Photo Insight with Andrew Sanderson

A renowned photographer, tutor, author and Ilford Master Printer, Andrew Sanderson offers practical tips on working with film and traditional darkroom techniques

This image was taken in an area of Manchester near Whitworth Street. Anyone living there will know exactly where this particular photograph was taken. The picture was produced around 20 years ago as part of a series of work about architecture in Manchester. Architectural photography, traditionally, has always been clear, crisp and shot using a large-format camera. Sometimes the image is in black & white and sometimes it’s in colour. The reason you see such vivid images is that the photographs are often produced for a client who wants to show off their building. However, I was so taken with Manchester’s architecture that I wanted to create something that was a little more expressive. It demanded to be treated in a different way.

I shot my images on 35mm and then produced paper negative prints. That is what has given the picture you see here its texture and the contrast. It has created a kind of drama, and a lot of the picture’s expressive quality essentially comes from the degradation of the image. It’s like the work from the Photo-Secessionists, who promoted photography as a fine art. It’s about achieving an impressionistic, artistic look that could be a charcoal drawing or an etching. You’re left with strong shapes. I have often found that fine detail is a slight drawback in large-format photography.

There is something lovely about using large negatives and getting beautiful prints from smooth negatives, but your subject matter has to be selected carefully. The detail can sometimes be all that people look at, which means they’re not focusing on the composition. They are just seeing what the camera can achieve on a technical level. For that reason, I’m drawn towards alternative processes such as paper negatives and gum printing.

This shot was taken from a bridge looking down onto the canal. From this perspective, at this time of day, the light was in the right place and it happened to coincide with the people you see on the left walking on the pavement. When I showed this picture to some friends they said it made them think of the kinds of German Expressionist films that appeared throughout the 1920s, particularly Fritz Lang’s 1927 film Metropolis. Once they said that, it was all I could think about every time I looked at the shot.

The inclusion of the people on the left adds a sense of mystery. More than that, it lends the image balance and a kind of symmetry. I could have waited until they were out of the frame, but something crucial would have been lost. In a sense, it would have been empty. When you’ve got figures walking in a shot, it is always a little tricky to capture them in a way that doesn’t make them look awkward. It could be that the legs look a little strange. If you’ve got three people walking, as in this shot, the timing is crucial. The legs need to be in a good position and each individual needs to be spaced out at just the right distance. If you get it wrong, it takes the edge off the image.

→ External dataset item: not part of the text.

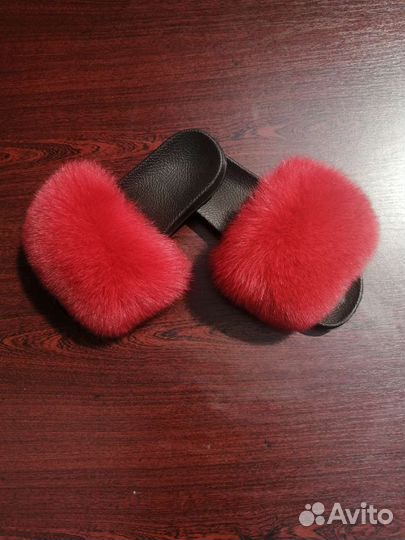 Меховые тапочки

If you look at the gap between the buildings in the distance, there is a vertical line of sky that is reflected in the water of the canal. It’s pretty central to the shot and provides a good access point for the viewer’s eye. Then you have a cross line where the black pipes stretch from building to building. Again, they’re fairly central to the image. On the left-hand side of those pipes is a long, white, vertical line. That provides a balance with the strip of sky and its refection. There’s further balance in the slope of the roof on the right with the windows on the left. All these things are instinctive – it’s only in retrospect that I notice them.

This should be an uncomfortable and oppressive image in many ways, but because of the composition the eye is drawn, quite comfortably, into it. This is something that has to occur naturally when taking a photograph. If you think too much about composition, you’re going to miss your shot. It can also mean you become predictable in what you produce.

I’m a tutor at a college teaching photography and every so often my students will show me an image where they’ve followed the Rule of Thirds or the Golden Section. I always tell them to forget about that and create something unique, something interesting. There’s more to photography than following the rules of composition. I tell people to go into an art gallery and look at some of the beautiful paintings they have there. Look at the composition and notice how the painters don’t seem to be following any set rules. There doesn’t seem to be any established ideas of composition, so you start to ask questions. Why do these paintings work? How is my eye drawn into the scene? When you’ve looked at a lot of good work, you’ll begin to see your shots from an instinctive level.